Dijital çağ, sosyal medya, e-ticaret patlaması nereye kadar tartışmaları süredursun, "tıklayın kapınıza gelsin" diyen siteler patlamış mısır gibi çoğalmaya devam ediyor. Şurası bir gerçek: Türk insanı alışveriş yaparken dokunmak ister, defalarca denemek ister, eh olur da karar verirse bir de pazarlık yapmak ister. Hatta eve gidince içine yine de sinmez, ertesi gün değiştirmek de ister. Ben dahil çevremde birçok insan var bu kalıba uyan..Bu yüzden birçok insan bu avantajları bir yana bırakıp da e-ticaret'i denemek istemiyor (kredi kartı dolandırıcılığı ayrı bir konu, oraya hiç girmeyeceğim).
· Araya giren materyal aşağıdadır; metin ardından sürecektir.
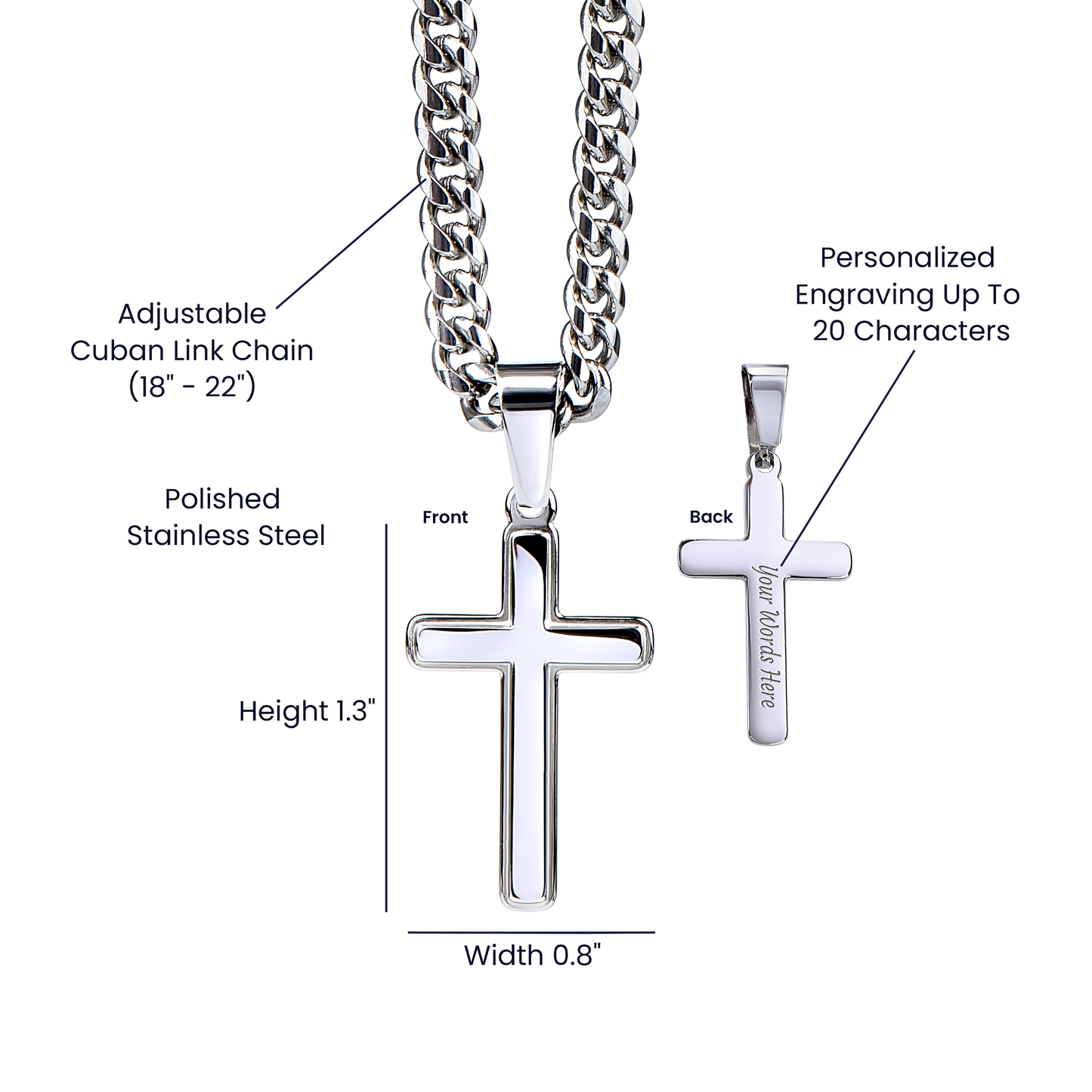 Happy Birthday Gift  | Cuban Link Chain with Artisan Cross | Card Message Jewelry Box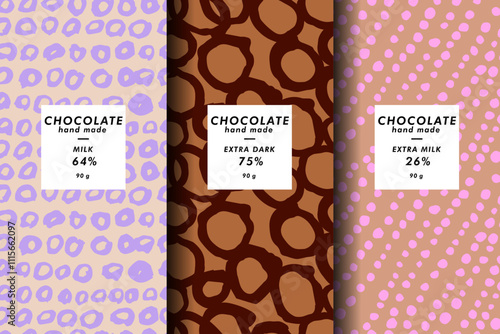 Vector set of templates contemporary abstract cover and patterns for chocolate and cocoa packaging with labels. Minimal modern backgrounds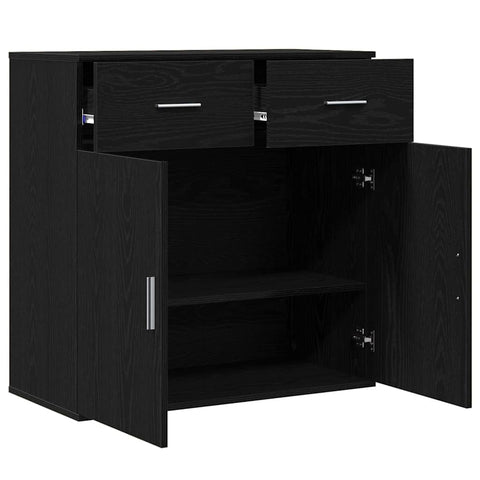 vidaXL Sideboard with Drawer with Shelf with Storage with Door Black oak Engineered wood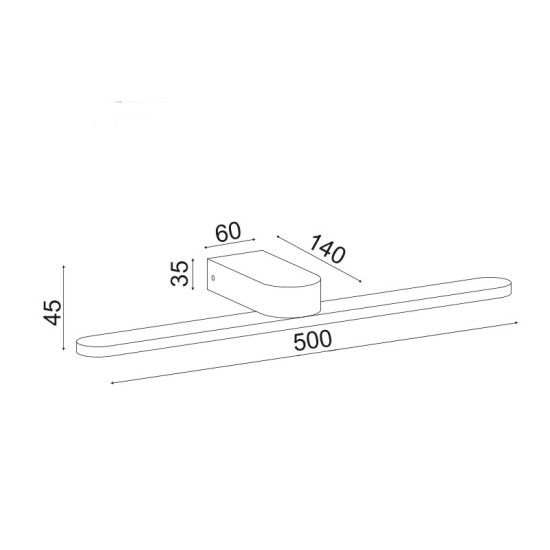^ΕΠΙΤΟΙΧΟ Φ/Σ LED 16W 3000K 1040LM ΛΕΥΚΟ ΜΕΤ/ΚΟ IP44 50Χ12Χ4CM PHOEBE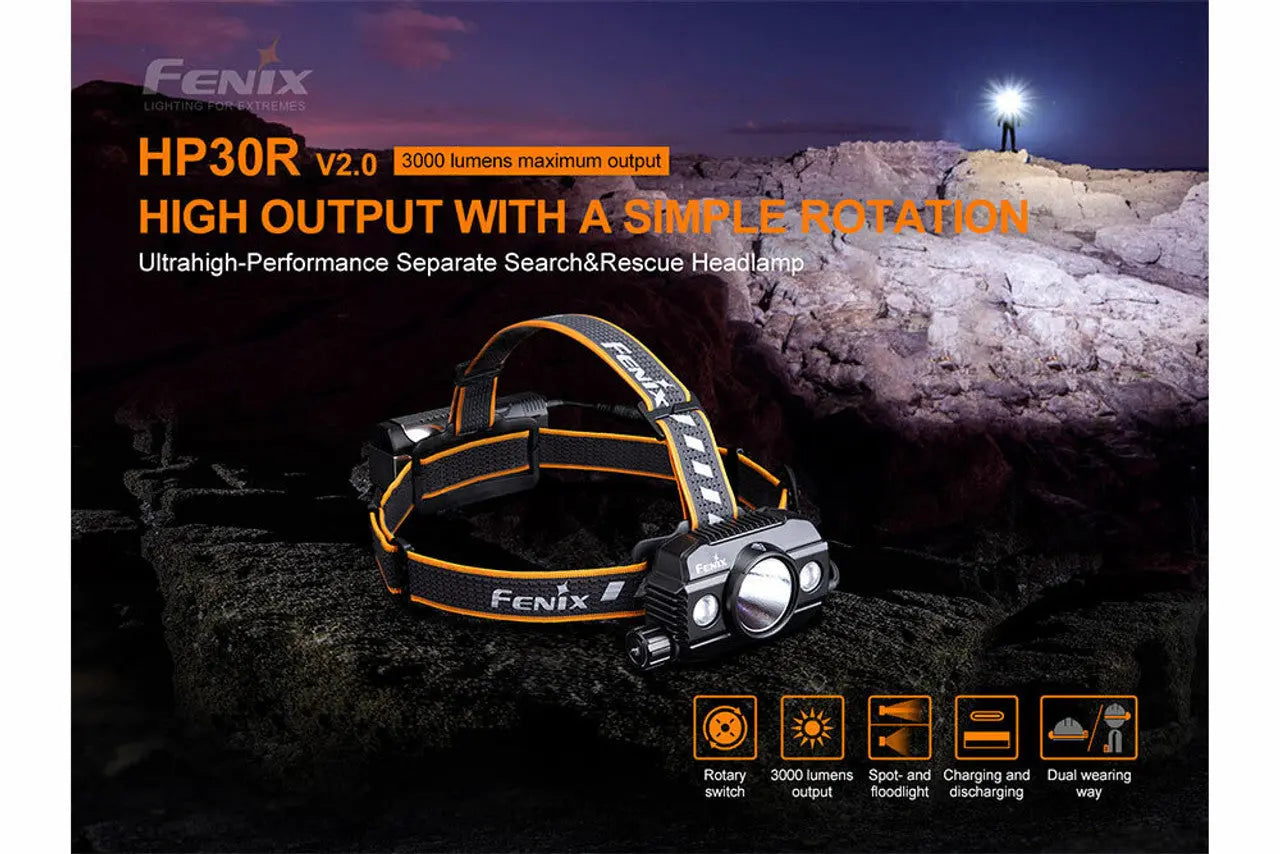 Fenix 3000 Lumen Headlamp - F FX-HP30RV2-BLACK Fenix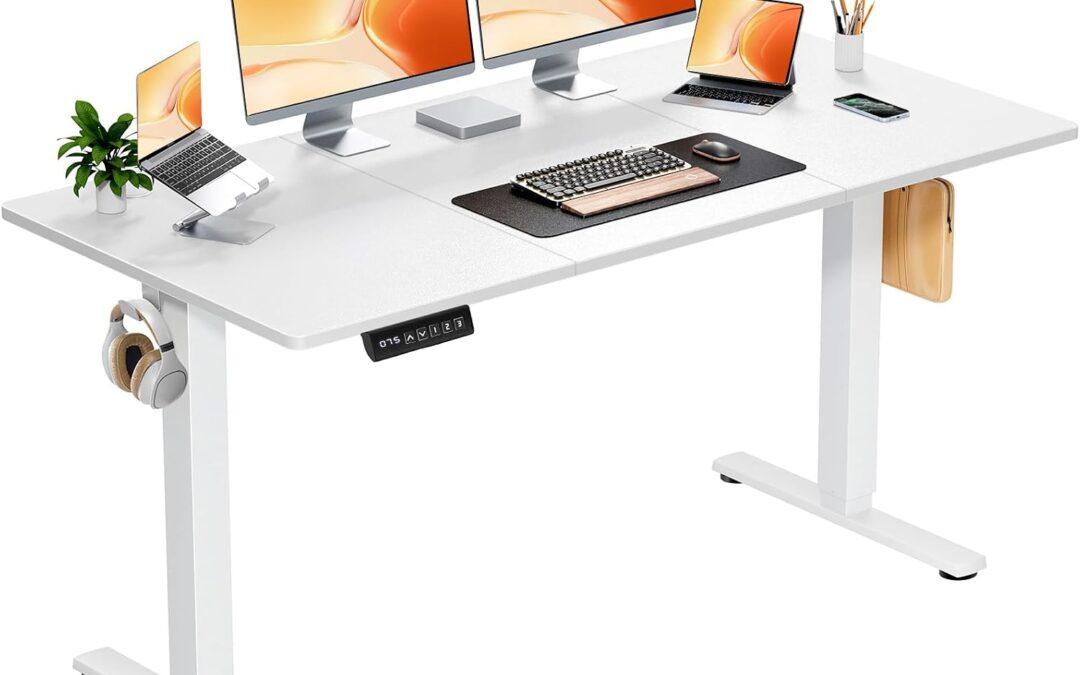 DUMOS 63 Inch Electric Standing Desk, Memory Adjustable Home Office Desk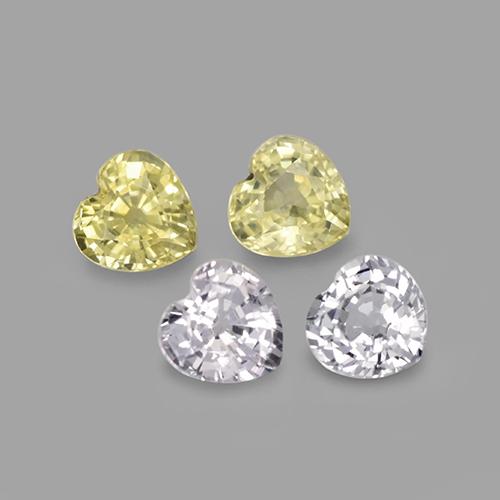 1.38캐럿 천연 멀티컬러 사파이어 보석, 하트 모양, 4.1×4.1 mm, VVS-VS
Ancak son zamanlarda adeta gözüme sokulan bir gerçek daha var: Perakende sektöründe müşteri hizmetleri yerlerde sürünüyor! İstisnalar elbette var; ancak genelinde durum budur. Gün geçtikçe daha da bilinçlenen, bilgiye erişimi hızla artan tüketicilerin istekleri de değişirken, hani perakende sektörünün geleceği müşteri memnuniyetine bağlıydı? Raporlarda yazanla tecrübe edilenler birbirine uymuyor maalesef..Türkiye'nin önde gelen perakendecileri bile sattıkları ürünle ilgili eksik veya yanlış bilgilere sahipse, telefon kulübesi büyüklüğünde kabinlerde ter ve toz içersinde kalıp üzerine bir de 20 dakika kasa kuyruğunda bekleyeceksem, olur da kazara bir ürünü değiştirmek veya iade etmek istersem zaten hayatından bezmiş personel bana düşman kesilip bin dereden su getirtecekse ben ne anladım bu alışverişten? Sıcacık evimde oturup bir yandan keyifle kahvemi içerken bir yandan da elimin altındaki sayısız ürüne göz gezdirsem, bir tıkla kapıma kadar getirtsem daha iyi değil mi? Ben derim ki denemeye değer! Siz ne dersiniz?